- Data under study
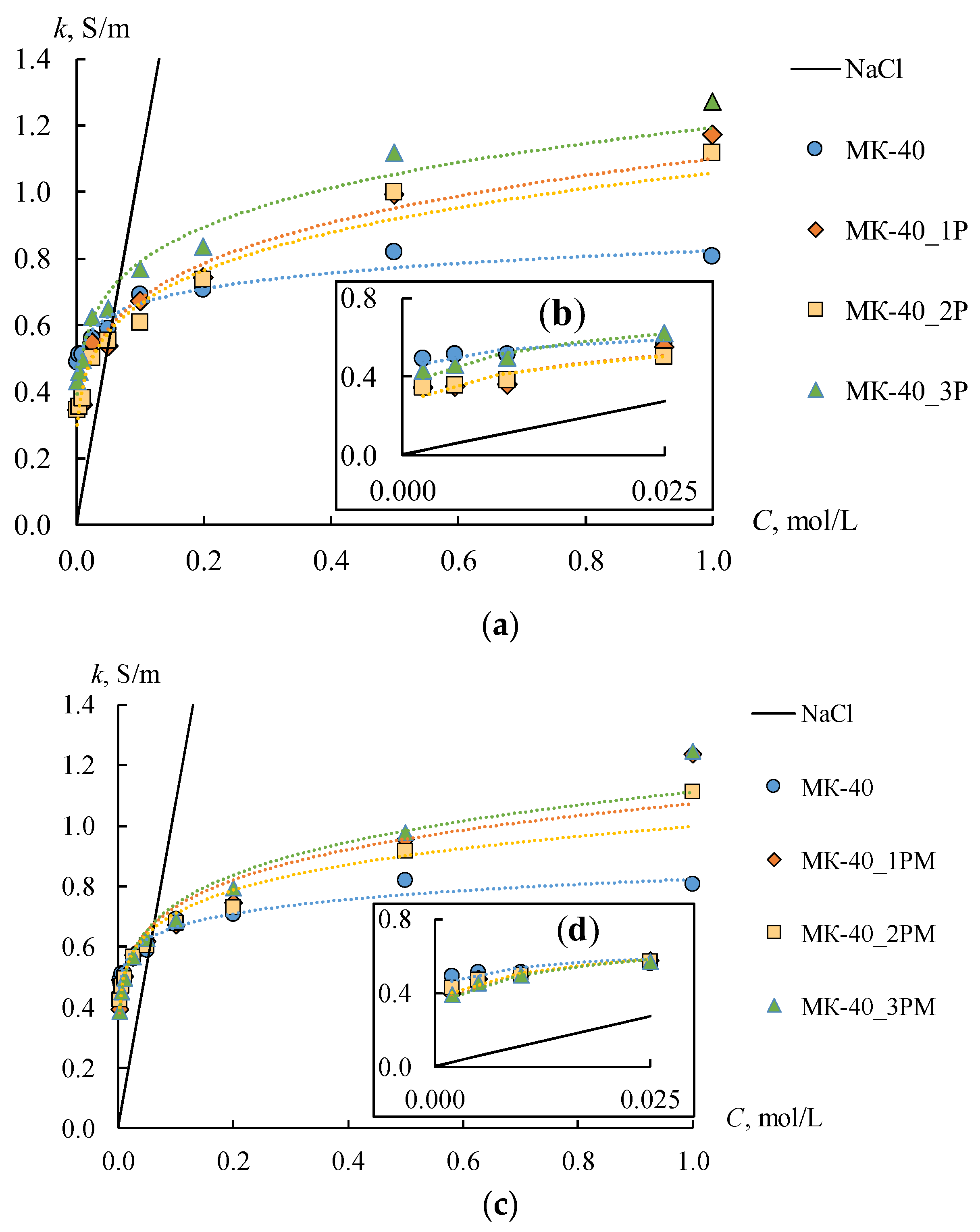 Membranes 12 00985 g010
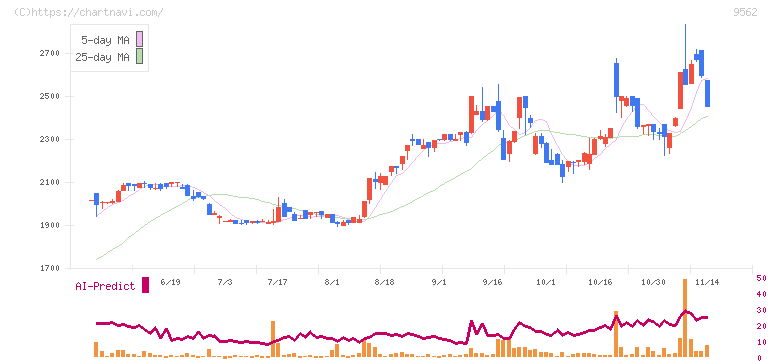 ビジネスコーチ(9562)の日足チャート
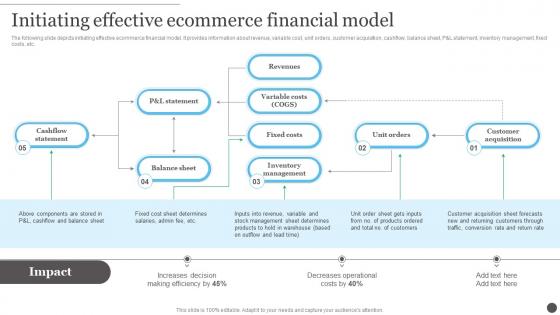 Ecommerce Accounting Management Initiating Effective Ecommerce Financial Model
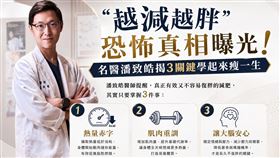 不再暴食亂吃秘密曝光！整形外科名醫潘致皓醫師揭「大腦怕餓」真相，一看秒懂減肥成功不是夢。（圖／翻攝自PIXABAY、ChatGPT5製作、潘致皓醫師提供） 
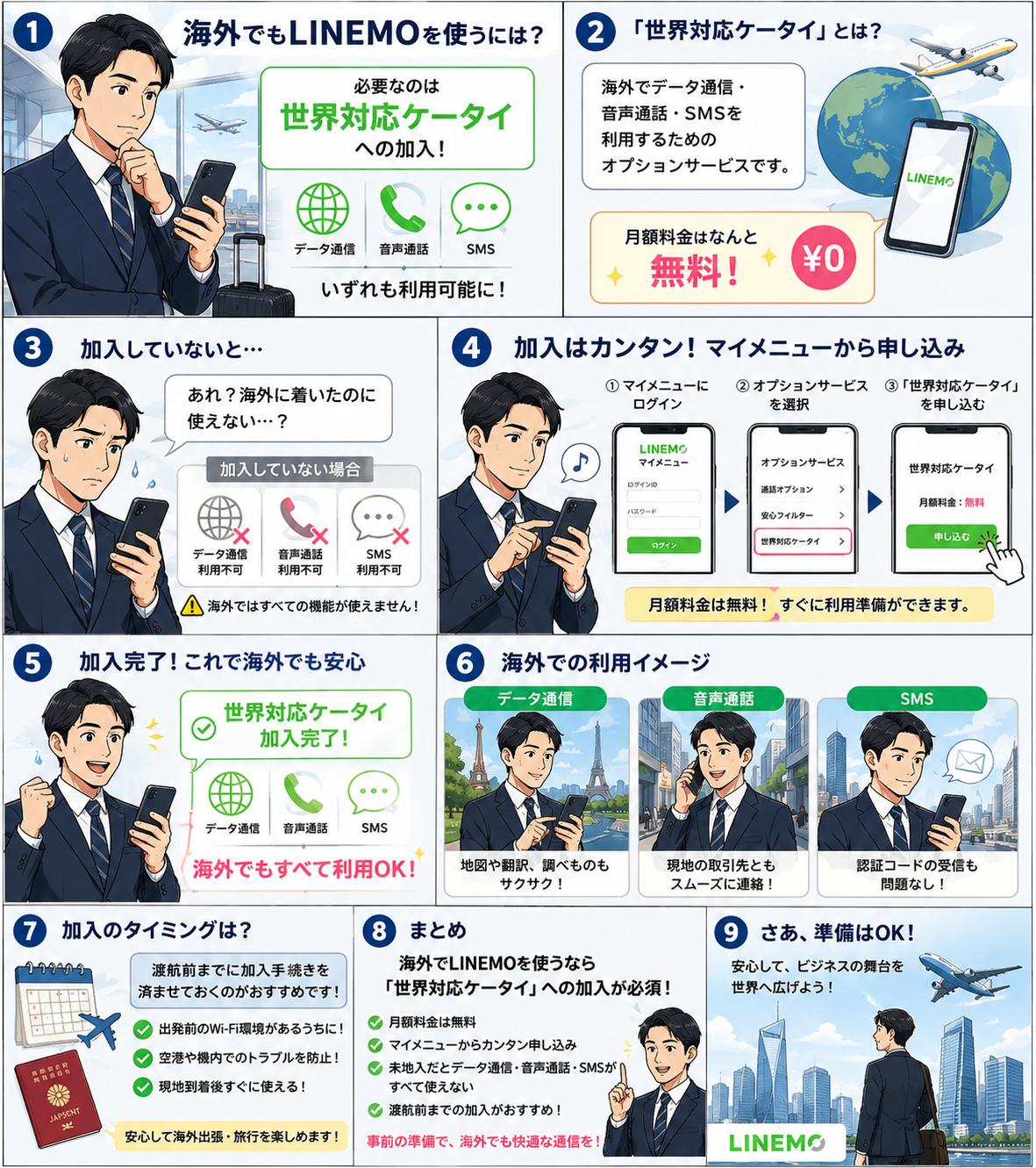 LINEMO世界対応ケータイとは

- Exercise aim
Go to the line with "Ecommerce Accounting Management" in the entries above. Reproduce that line and each one after it to the end, exactly and without the pictures.

- Answer to this exercise
 Ecommerce Accounting Management Initiating Effective Ecommerce Financial Model
 不再暴食亂吃秘密曝光！整形外科名醫潘致皓醫師揭「大腦怕餓」真相，一看秒懂減肥成功不是夢。（圖／翻攝自PIXABAY、ChatGPT5製作、潘致皓醫師提供） 
 LINEMO世界対応ケータイとは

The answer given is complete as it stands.